§ What the exercise asks
Your reply should consist only of the lines from the one holding "Локальные безпроводные сети (WLAN)" to the last line of the data below, written out exactly and without pictures.
(Exercise material)
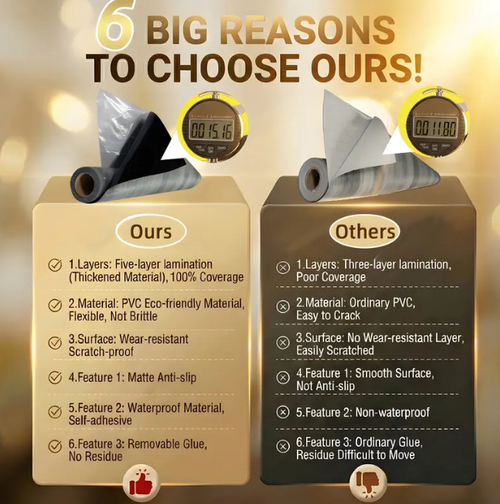 Easy Installation Home Renovation Tile Stickers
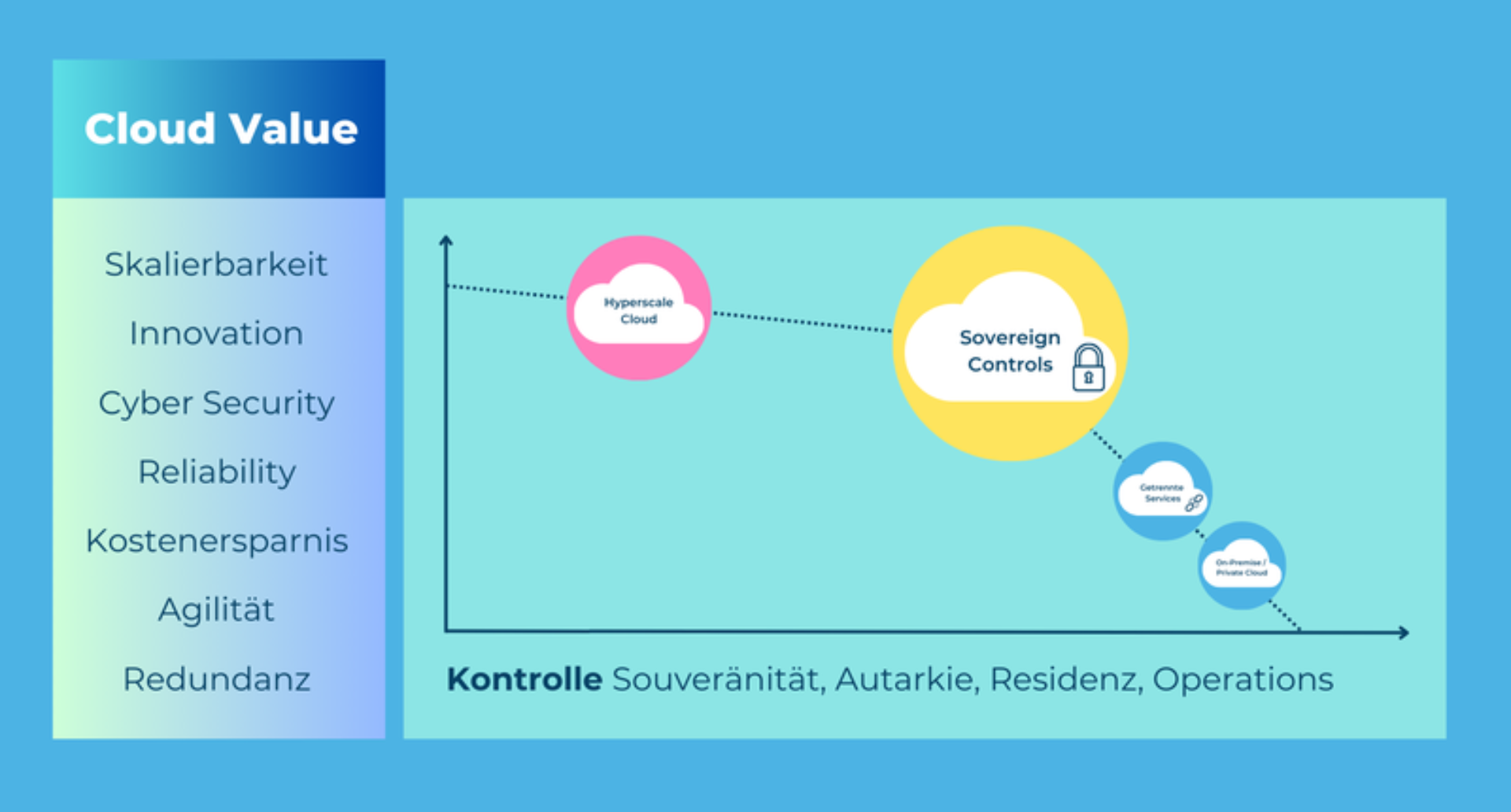 Möglichkeiten von Microsoft Cloud, um Souveränität sicherzustellen, ohne den Wert der Cloud einzuschränken.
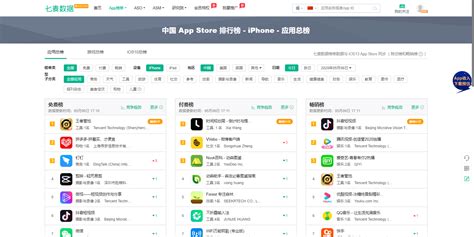 智投_App排名_iOS排行榜-CQASO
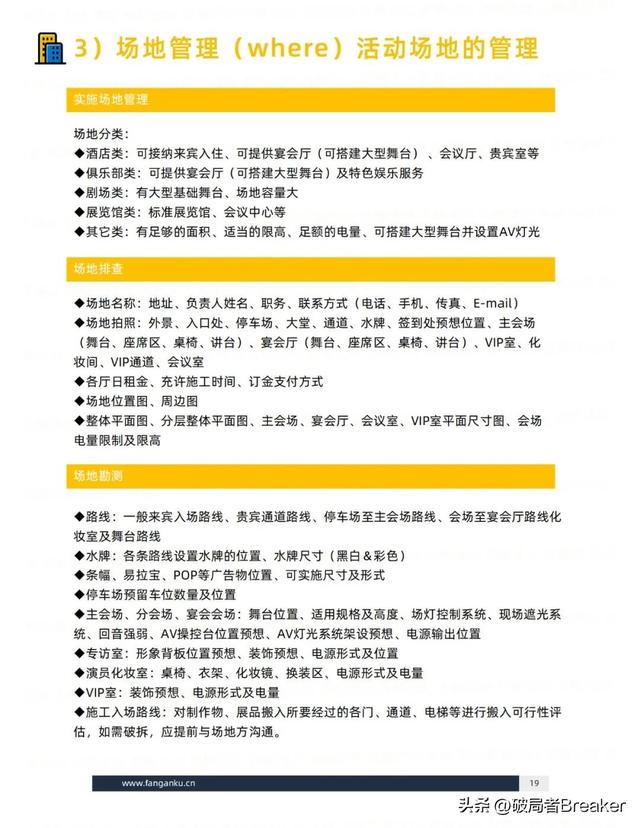 ��ѧ���õ�ģ�壺�ִ�У�˼άƪ��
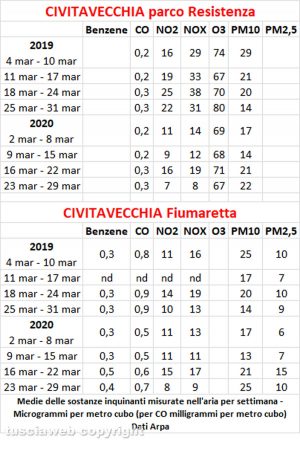 Qualità dell'aria - Il confronto tra marzo 2019 e marzo 2020 a Civitavecchia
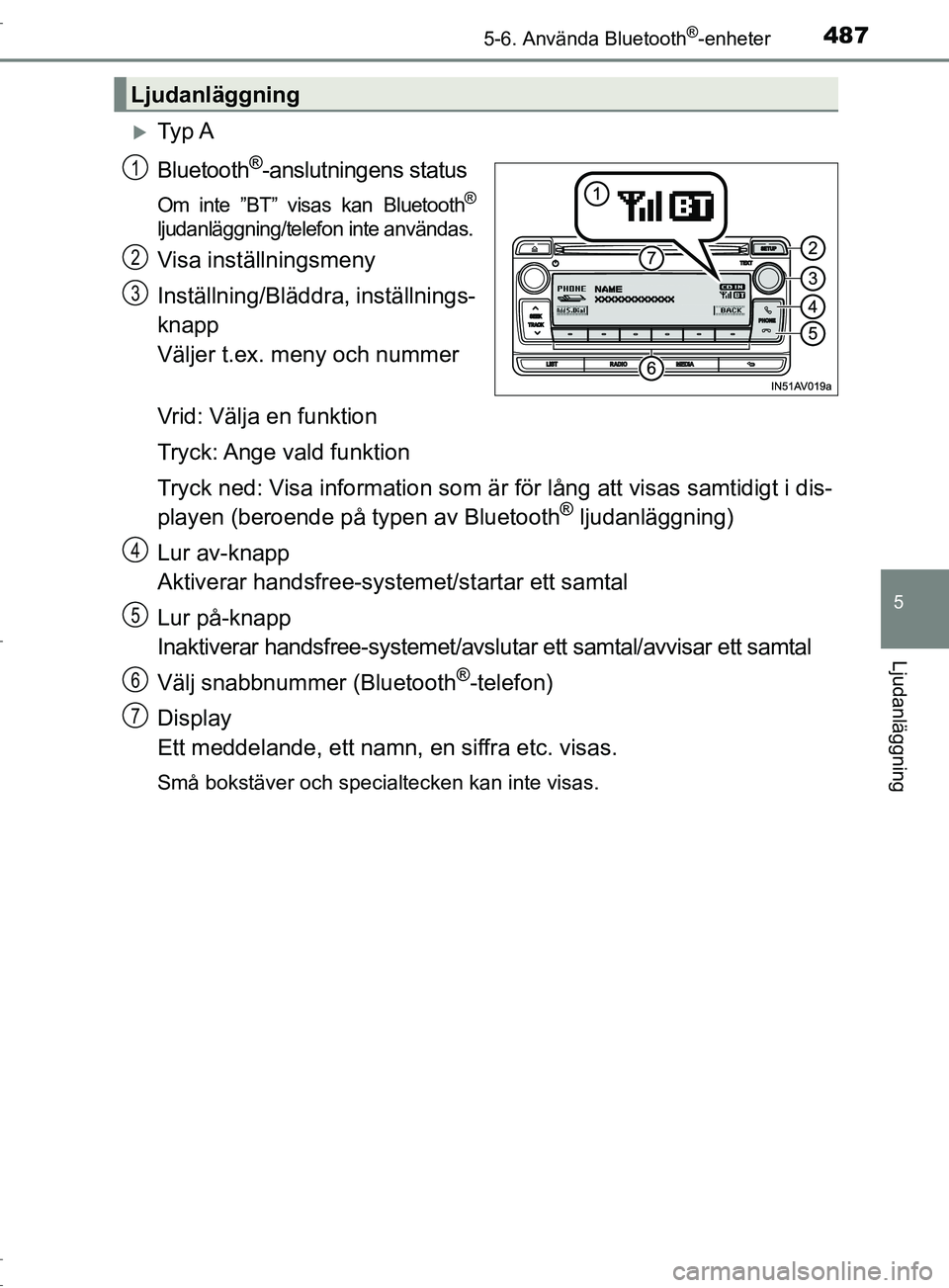 TOYOTA C-HR 2016 Bruksanvisningar (in Swedish) 4875-6. Använda Bluetooth®-enheter
5
Ljudanläggning
OM10528SE
Ty p A
Bluetooth
®-anslutningens status
Om inte ”BT” visas kan Bluetooth®
ljudanläggning/telefon inte användas.
Visa instä TOYOTA C-HR 2016 Bruksanvisningar (in Swedish) 4875-6. Använda Bluetooth®-enheter
5
Ljudanläggning
OM10528SE
Ty p A
Bluetooth
®-anslutningens status
Om inte ”BT” visas kan Bluetooth®
ljudanläggning/telefon inte användas.
Visa instä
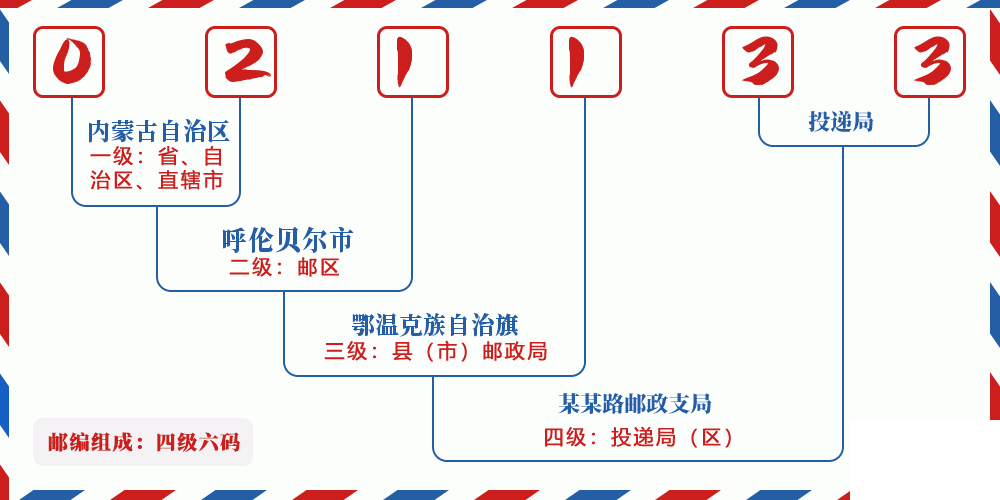 邮编021133含义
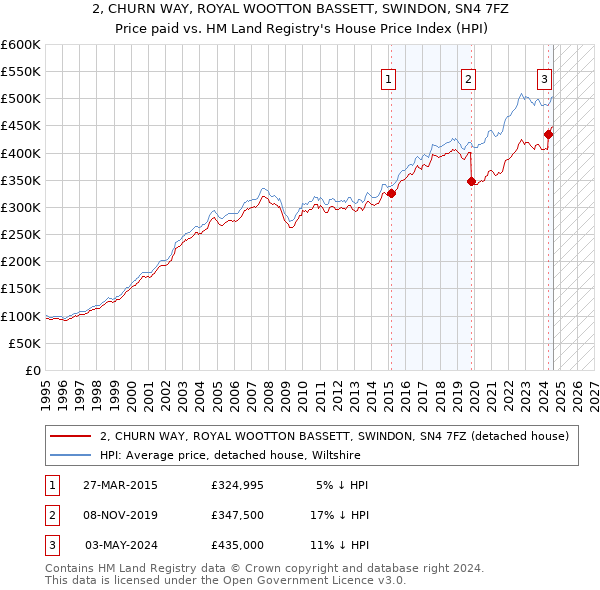 2, CHURN WAY, ROYAL WOOTTON BASSETT, SWINDON, SN4 7FZ: Price paid vs HM Land Registry's House Price Index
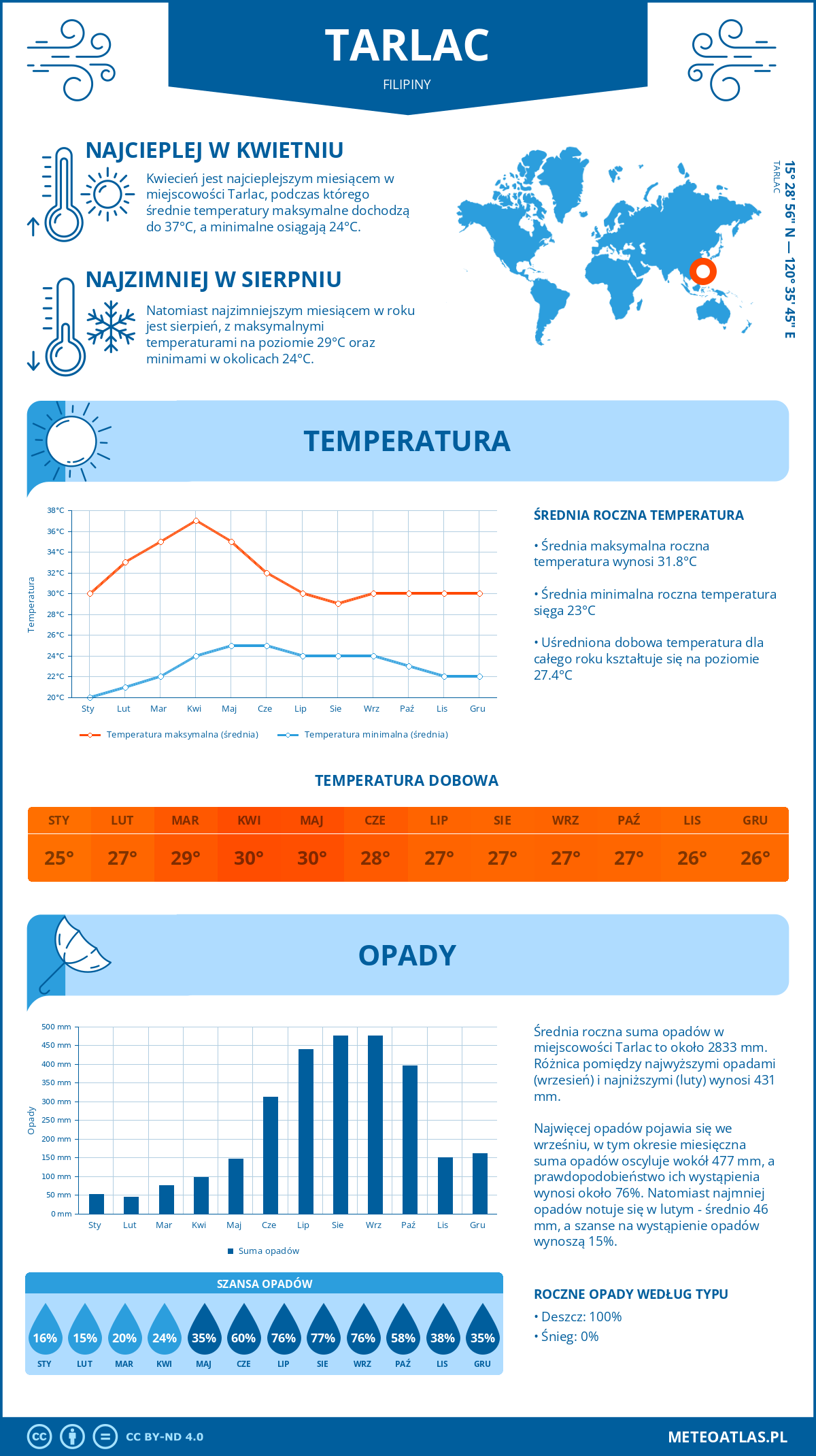 Infografika: Tarlac (Filipiny) – miesięczne temperatury i opady z wykresami rocznych trendów pogodowych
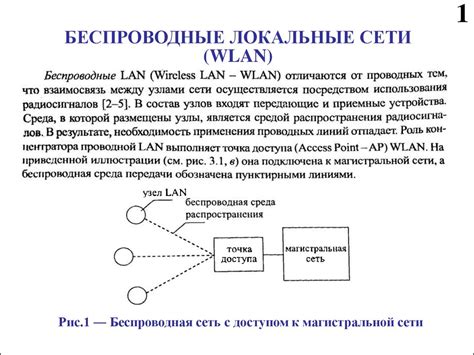 Локальные безпроводные сети (WLAN)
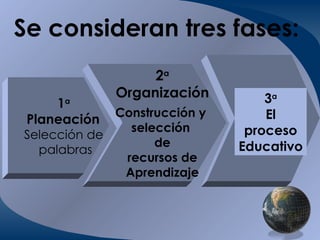 Se consideran tres fases: 1 a Planeación   Selección de palabras 2 a Organización Construcción y  selección  de recursos de  Aprendizaje 3 a El proceso Educativo 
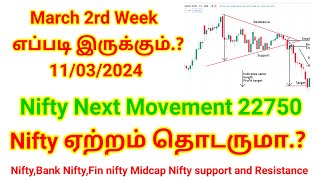 110324 வரும் வாரம் Market எப்படி இருக்கும்  NiftyBankNiftyFin Nifty  Major SupportResistance [upl. by Nnyleitak]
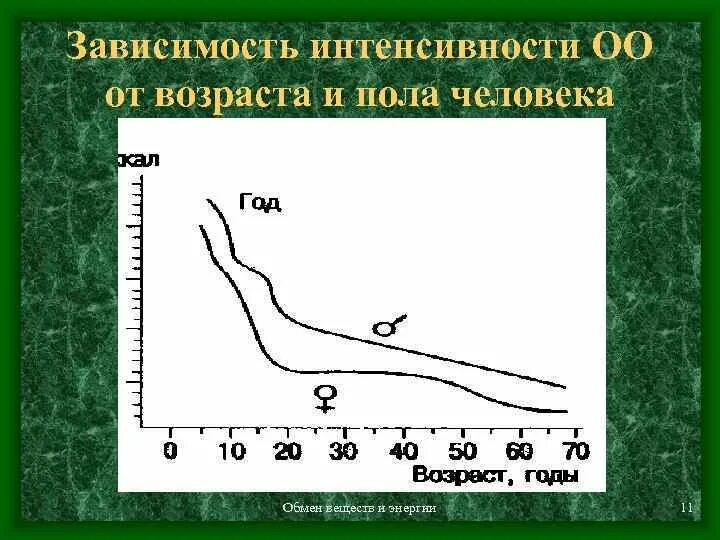 Изучите график зависимости интенсивности обмена. Интенсивность обмена веществ. интенсивность обменных процессов. интенсивность основного обмена. зависимость интенсивности основного обмена от возраста.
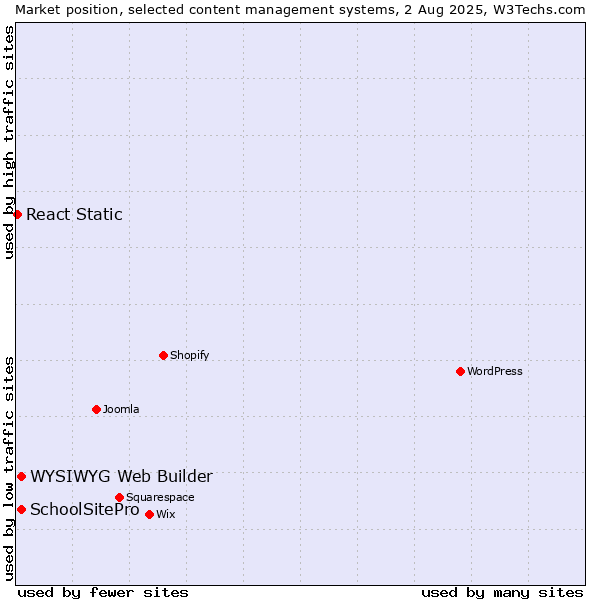 Market position of WYSIWYG Web Builder vs. SchoolSitePro vs. React Static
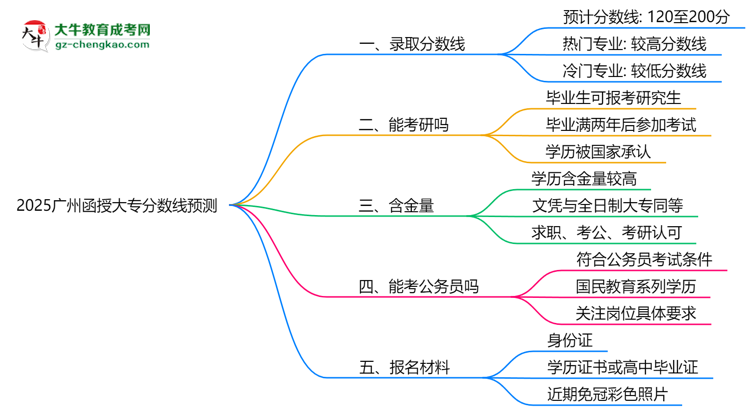 2025廣州函授大專分?jǐn)?shù)線預(yù)測(cè)：各專業(yè)錄取標(biāo)準(zhǔn)搶先看思維導(dǎo)圖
(End Exercise material)
§ Exercise result
 Локальные безпроводные сети (WLAN)
 Se consideran tres fases: 1 a Planeación   Selección de palabras 2 a Organización Construcción y  selección  de recursos de  Aprendizaje 3 a El proceso Educativo 
 110324 வரும் வாரம் Market எப்படி இருக்கும்  NiftyBankNiftyFin Nifty  Major SupportResistance [upl. by Nnyleitak]
 Изучите график зависимости интенсивности обмена. Интенсивность обмена веществ. интенсивность обменных процессов. интенсивность основного обмена. зависимость интенсивности основного обмена от возраста.
 Market position of WYSIWYG Web Builder vs. SchoolSitePro vs. React Static
 2025廣州函授大專分?jǐn)?shù)線預(yù)測(cè)：各專業(yè)錄取標(biāo)準(zhǔn)搶先看思維導(dǎo)圖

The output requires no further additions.